----- Provided entries -----
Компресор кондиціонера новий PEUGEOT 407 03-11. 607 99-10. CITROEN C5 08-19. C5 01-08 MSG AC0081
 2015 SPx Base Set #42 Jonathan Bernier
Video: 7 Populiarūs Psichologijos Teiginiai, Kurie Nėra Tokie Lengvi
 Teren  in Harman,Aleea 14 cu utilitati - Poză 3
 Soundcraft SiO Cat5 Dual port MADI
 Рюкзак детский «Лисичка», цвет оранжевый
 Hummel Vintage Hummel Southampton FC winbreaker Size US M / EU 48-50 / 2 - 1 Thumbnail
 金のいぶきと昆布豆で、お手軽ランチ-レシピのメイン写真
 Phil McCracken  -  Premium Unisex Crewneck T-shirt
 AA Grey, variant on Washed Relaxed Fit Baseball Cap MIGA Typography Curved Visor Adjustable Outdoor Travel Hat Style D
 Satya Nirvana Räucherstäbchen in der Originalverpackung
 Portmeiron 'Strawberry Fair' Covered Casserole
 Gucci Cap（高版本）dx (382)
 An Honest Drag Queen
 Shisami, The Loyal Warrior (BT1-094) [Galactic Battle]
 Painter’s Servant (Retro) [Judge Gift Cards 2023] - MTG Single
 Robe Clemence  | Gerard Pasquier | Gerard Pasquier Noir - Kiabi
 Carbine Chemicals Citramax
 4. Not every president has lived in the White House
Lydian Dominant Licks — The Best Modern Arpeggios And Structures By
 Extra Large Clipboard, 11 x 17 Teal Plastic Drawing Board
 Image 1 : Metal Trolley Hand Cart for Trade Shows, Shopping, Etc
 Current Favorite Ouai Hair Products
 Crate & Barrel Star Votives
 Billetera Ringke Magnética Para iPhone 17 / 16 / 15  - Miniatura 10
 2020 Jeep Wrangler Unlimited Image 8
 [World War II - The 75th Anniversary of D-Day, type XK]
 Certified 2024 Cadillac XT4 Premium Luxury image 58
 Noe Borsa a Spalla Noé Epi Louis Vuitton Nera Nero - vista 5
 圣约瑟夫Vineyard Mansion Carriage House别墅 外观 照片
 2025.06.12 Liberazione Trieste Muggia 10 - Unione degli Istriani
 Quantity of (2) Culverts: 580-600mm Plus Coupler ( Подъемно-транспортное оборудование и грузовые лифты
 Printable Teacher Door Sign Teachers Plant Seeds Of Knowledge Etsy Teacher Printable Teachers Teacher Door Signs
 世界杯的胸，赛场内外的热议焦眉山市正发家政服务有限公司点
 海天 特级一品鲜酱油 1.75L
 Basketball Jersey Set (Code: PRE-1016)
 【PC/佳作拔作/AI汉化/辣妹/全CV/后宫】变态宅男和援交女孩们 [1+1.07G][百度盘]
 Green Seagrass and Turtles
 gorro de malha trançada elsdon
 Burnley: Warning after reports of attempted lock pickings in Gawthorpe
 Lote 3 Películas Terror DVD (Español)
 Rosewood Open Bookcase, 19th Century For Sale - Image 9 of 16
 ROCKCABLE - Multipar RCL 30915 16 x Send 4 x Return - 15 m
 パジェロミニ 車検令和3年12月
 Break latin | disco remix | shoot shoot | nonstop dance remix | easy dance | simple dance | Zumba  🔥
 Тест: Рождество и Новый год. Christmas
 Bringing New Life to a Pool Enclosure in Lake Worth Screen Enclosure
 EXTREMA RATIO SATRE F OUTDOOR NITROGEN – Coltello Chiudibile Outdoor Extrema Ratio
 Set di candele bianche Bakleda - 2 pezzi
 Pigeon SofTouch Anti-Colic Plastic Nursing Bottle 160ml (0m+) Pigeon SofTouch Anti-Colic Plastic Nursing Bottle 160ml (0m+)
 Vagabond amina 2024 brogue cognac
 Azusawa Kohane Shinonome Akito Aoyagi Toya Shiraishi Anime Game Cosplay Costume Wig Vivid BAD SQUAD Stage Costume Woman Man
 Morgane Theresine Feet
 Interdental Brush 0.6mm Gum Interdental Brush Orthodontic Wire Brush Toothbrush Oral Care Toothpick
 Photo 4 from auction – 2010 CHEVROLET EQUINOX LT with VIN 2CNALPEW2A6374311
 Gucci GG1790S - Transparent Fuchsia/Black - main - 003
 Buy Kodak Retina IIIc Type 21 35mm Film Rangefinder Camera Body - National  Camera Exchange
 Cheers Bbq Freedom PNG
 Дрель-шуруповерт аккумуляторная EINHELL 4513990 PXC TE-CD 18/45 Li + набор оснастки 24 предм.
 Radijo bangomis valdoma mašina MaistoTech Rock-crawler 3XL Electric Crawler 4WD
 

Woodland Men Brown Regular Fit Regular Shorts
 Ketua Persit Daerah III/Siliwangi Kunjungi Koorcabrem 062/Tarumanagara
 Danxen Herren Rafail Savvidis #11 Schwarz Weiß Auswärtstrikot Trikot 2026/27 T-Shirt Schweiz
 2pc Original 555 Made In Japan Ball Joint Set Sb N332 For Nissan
-----
» Problem details:
Could you copy out the data in full, exactly as it is written?

» Written response:
Компресор кондиціонера новий PEUGEOT 407 03-11. 607 99-10. CITROEN C5 08-19. C5 01-08 MSG AC0081
 2015 SPx Base Set #42 Jonathan Bernier
Video: 7 Populiarūs Psichologijos Teiginiai, Kurie Nėra Tokie Lengvi
 Teren  in Harman,Aleea 14 cu utilitati - Poză 3
 Soundcraft SiO Cat5 Dual port MADI
 Рюкзак детский «Лисичка», цвет оранжевый
 Hummel Vintage Hummel Southampton FC winbreaker Size US M / EU 48-50 / 2 - 1 Thumbnail
 金のいぶきと昆布豆で、お手軽ランチ-レシピのメイン写真
 Phil McCracken  -  Premium Unisex Crewneck T-shirt
 AA Grey, variant on Washed Relaxed Fit Baseball Cap MIGA Typography Curved Visor Adjustable Outdoor Travel Hat Style D
 Satya Nirvana Räucherstäbchen in der Originalverpackung
 Portmeiron 'Strawberry Fair' Covered Casserole
 Gucci Cap（高版本）dx (382)
 An Honest Drag Queen
 Shisami, The Loyal Warrior (BT1-094) [Galactic Battle]
 Painter’s Servant (Retro) [Judge Gift Cards 2023] - MTG Single
 Robe Clemence  | Gerard Pasquier | Gerard Pasquier Noir - Kiabi
 Carbine Chemicals Citramax
 4. Not every president has lived in the White House
Lydian Dominant Licks — The Best Modern Arpeggios And Structures By
 Extra Large Clipboard, 11 x 17 Teal Plastic Drawing Board
 Image 1 : Metal Trolley Hand Cart for Trade Shows, Shopping, Etc
 Current Favorite Ouai Hair Products
 Crate & Barrel Star Votives
 Billetera Ringke Magnética Para iPhone 17 / 16 / 15  - Miniatura 10
 2020 Jeep Wrangler Unlimited Image 8
 [World War II - The 75th Anniversary of D-Day, type XK]
 Certified 2024 Cadillac XT4 Premium Luxury image 58
 Noe Borsa a Spalla Noé Epi Louis Vuitton Nera Nero - vista 5
 圣约瑟夫Vineyard Mansion Carriage House别墅 外观 照片
 2025.06.12 Liberazione Trieste Muggia 10 - Unione degli Istriani
 Quantity of (2) Culverts: 580-600mm Plus Coupler ( Подъемно-транспортное оборудование и грузовые лифты
 Printable Teacher Door Sign Teachers Plant Seeds Of Knowledge Etsy Teacher Printable Teachers Teacher Door Signs
 世界杯的胸，赛场内外的热议焦眉山市正发家政服务有限公司点
 海天 特级一品鲜酱油 1.75L
 Basketball Jersey Set (Code: PRE-1016)
 【PC/佳作拔作/AI汉化/辣妹/全CV/后宫】变态宅男和援交女孩们 [1+1.07G][百度盘]
 Green Seagrass and Turtles
 gorro de malha trançada elsdon
 Burnley: Warning after reports of attempted lock pickings in Gawthorpe
 Lote 3 Películas Terror DVD (Español)
 Rosewood Open Bookcase, 19th Century For Sale - Image 9 of 16
 ROCKCABLE - Multipar RCL 30915 16 x Send 4 x Return - 15 m
 パジェロミニ 車検令和3年12月
 Break latin | disco remix | shoot shoot | nonstop dance remix | easy dance | simple dance | Zumba  🔥
 Тест: Рождество и Новый год. Christmas
 Bringing New Life to a Pool Enclosure in Lake Worth Screen Enclosure
 EXTREMA RATIO SATRE F OUTDOOR NITROGEN – Coltello Chiudibile Outdoor Extrema Ratio
 Set di candele bianche Bakleda - 2 pezzi
 Pigeon SofTouch Anti-Colic Plastic Nursing Bottle 160ml (0m+) Pigeon SofTouch Anti-Colic Plastic Nursing Bottle 160ml (0m+)
 Vagabond amina 2024 brogue cognac
 Azusawa Kohane Shinonome Akito Aoyagi Toya Shiraishi Anime Game Cosplay Costume Wig Vivid BAD SQUAD Stage Costume Woman Man
 Morgane Theresine Feet
 Interdental Brush 0.6mm Gum Interdental Brush Orthodontic Wire Brush Toothbrush Oral Care Toothpick
 Photo 4 from auction – 2010 CHEVROLET EQUINOX LT with VIN 2CNALPEW2A6374311
 Gucci GG1790S - Transparent Fuchsia/Black - main - 003
 Buy Kodak Retina IIIc Type 21 35mm Film Rangefinder Camera Body - National  Camera Exchange
 Cheers Bbq Freedom PNG
 Дрель-шуруповерт аккумуляторная EINHELL 4513990 PXC TE-CD 18/45 Li + набор оснастки 24 предм.
 Radijo bangomis valdoma mašina MaistoTech Rock-crawler 3XL Electric Crawler 4WD
 

Woodland Men Brown Regular Fit Regular Shorts
 Ketua Persit Daerah III/Siliwangi Kunjungi Koorcabrem 062/Tarumanagara
 Danxen Herren Rafail Savvidis #11 Schwarz Weiß Auswärtstrikot Trikot 2026/27 T-Shirt Schweiz
 2pc Original 555 Made In Japan Ball Joint Set Sb N332 For Nissan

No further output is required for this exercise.